Petr Vorel pvorel@suse.cz
Mon Nov 4 15:16:06 CET 2024


> Hi!
> > Test timed out, sending SIGTERM!
> > If you are running on slow machine, try exporting LTP_TIMEOUT_MUL > 1
> > Sending SIGKILL to test process...
> > Test is still running... 10
> > Test is still running... 9
> > Test is still running... 8
> > Test is still running... 7
> > Test is still running... 6
> > Test is still running... 5
> > Test is still running... 4
> > Test is still running... 3
> > Test is still running... 2
> > Test is still running... 1
> > Test is still running, sending SIGKILL
> > Killed

> Isn't the propblem here that the fsplough.c itself does not have
> .max_runtime set?

It has timeout adjusted in the setup function:
tst_set_max_runtime(bufsize * loop_count / (8 * 1024 * 1024));

> I think that main problem here is that we have a LTP test that is being
> executed from another LTP test which means that we have two layers of
> everything including timeouts.

Similarly netstress.c, which is also called from tst_net.sh. But these tests
does not run on all filesystems.

> > The quickest way would be to use the same calculation (* $TST_CNT + 5% for spare
> > time) in nfs10.sh and increase tst_set_timeout with.

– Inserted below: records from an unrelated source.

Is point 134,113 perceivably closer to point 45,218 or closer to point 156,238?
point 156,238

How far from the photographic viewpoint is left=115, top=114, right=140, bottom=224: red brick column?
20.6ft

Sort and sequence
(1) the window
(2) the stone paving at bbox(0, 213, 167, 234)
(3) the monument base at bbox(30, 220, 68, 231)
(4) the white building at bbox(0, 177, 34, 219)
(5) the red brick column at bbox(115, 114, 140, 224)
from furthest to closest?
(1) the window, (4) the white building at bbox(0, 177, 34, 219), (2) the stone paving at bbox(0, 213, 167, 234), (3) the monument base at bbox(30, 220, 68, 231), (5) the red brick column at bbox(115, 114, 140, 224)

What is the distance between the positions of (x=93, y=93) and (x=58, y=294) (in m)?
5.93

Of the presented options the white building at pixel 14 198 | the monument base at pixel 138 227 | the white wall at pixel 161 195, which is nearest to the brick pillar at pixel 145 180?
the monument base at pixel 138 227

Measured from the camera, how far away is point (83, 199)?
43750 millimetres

> > Or, I wonder if using tst_loader.sh and tst_run_shell.c would help to integrate
> > these. But I'm not sure how easily could be nfs_lib.sh integrated, e.g.
> > * isn't it too late, when it uses tst_net.sh (maybe this file would need to be
> >   integrated)
> > * should use keep using TST_ALL_FILESYSTEMS=1 from tst_test.sh or configure
> >   via all_filesystems=1 via json?

> I guess that the best solution would be to add NFS support into the
> tst_test.c as another filesystem. That way we would get much more
> coverate than we do now. I guess that it would be doable as long as the
> configuration on how to do that is passed to the test library somehow.

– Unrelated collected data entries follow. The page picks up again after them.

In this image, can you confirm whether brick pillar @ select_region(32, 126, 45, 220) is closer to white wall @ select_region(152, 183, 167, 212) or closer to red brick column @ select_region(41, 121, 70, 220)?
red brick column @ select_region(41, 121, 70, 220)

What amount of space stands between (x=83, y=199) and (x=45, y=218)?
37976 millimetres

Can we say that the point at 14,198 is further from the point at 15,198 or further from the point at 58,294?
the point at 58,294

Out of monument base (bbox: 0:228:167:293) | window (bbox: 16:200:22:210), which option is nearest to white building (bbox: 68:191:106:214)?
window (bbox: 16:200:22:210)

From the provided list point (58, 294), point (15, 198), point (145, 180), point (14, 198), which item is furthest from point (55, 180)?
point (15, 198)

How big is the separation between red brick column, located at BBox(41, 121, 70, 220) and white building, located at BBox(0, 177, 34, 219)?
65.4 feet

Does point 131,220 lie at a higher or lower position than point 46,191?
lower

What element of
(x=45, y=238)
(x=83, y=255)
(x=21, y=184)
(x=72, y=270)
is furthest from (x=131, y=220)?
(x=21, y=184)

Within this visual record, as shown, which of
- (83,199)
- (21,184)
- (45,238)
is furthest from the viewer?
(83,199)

Test coverage would really increase a lot. Even there are more NFS testsuites,
IMHO it'd be useful to bring this to LTP - we test a different things then
fstests, pynfs, cthon, ....

But OTOH it does not have much sense to run NFS tests on a loop device which
backing file is on tmpfs (the default setup on distros which use tmpfs on /tmp).
It's a question, whether we should start using /var/tmp as a default for TMPDIR
(if exists). LTP does cleanup of the functions, unless it fails. Specially NFS
tests when they timeout, the cleanup is not done due mounted filesystem being
used. Then /var/tmp gets filled up quickly and reboot does not do automatic
cleanup.

Adding NFS support would require setup code from nfs_lib.sh (e.g. exportfs, run
mount binary or start using mount(2), doing various checks etc) to be run by
tst_test.c, via another process via fork() and execvp(), e.g. with LTP's
tst_cmd().  I'm not sure if minimal required subset should be put in some shell
script, which would be executed by tst_test.c (maybe using tst_loader.sh to join
shared memory to unify the counter) or run individual commands one by one. WDYT?

This simpler version would allow to add various NFS to all_filesystems. I wonder
if we want to support just single NFS version e.g. the newest NFSv4.2 or more.
I suppose we would test only on TCP (UDP is deprecated, not enabled by default
on newer kernels). But even the core of the NFS setup in nfs_mount() uses
tst_rhost_run() from tst_net.sh. E.g. some parts of tst_net.sh would need to be
rewritten into C code (or it would have to call tst_net.sh, if gluing with
tst_loader.sh would work).

My original idea to convert all NFS tests would basically mean to rewrite quite
to use even more nfs_lib.sh and tst_net.sh. code (there is a support for
setting NFS version and protocol and other things).